Video (2:21 looped), dual projectors
Variable dimensions

Like many of the artifacts from the ephemeral installation work, this video emerged from its role in stylus, the 2010 installation at The Pulitzer Foundation for the Arts, to be shown as a standalone piece. In 2011, it was exhibited at the Gallery Paule Anglim in San Francisco, California, and in 2012 at Colgate University in Hamilton, NY.

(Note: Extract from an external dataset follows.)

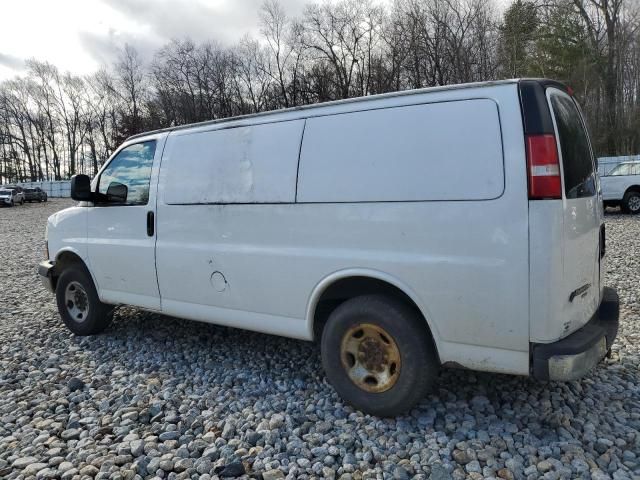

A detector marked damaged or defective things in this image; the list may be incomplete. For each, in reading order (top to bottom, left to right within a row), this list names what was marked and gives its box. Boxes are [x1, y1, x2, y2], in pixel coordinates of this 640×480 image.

rusty steel wheel rim [340, 322, 400, 394]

In the version shown in stylus, clapclap intersected with the vertical spine of the weekly papers and the building’s column to form a nexus.  On the rear wall, the outstretched arm of a torso in a blue and white striped coat-shirt swung a distorted hand forward in an exaggerated sweep toward the wall’s interior edge.  Divided by a hallway opening, the same footage played mirrored and slightly out of sync on the perpendicular side wall.  The hand, which the arm wore like an ill-fitting glove or puppet mask, was a roughly made paper maché shell.  Although the video is silent, the two arms joined visually in the gesture of a clap completing itself. 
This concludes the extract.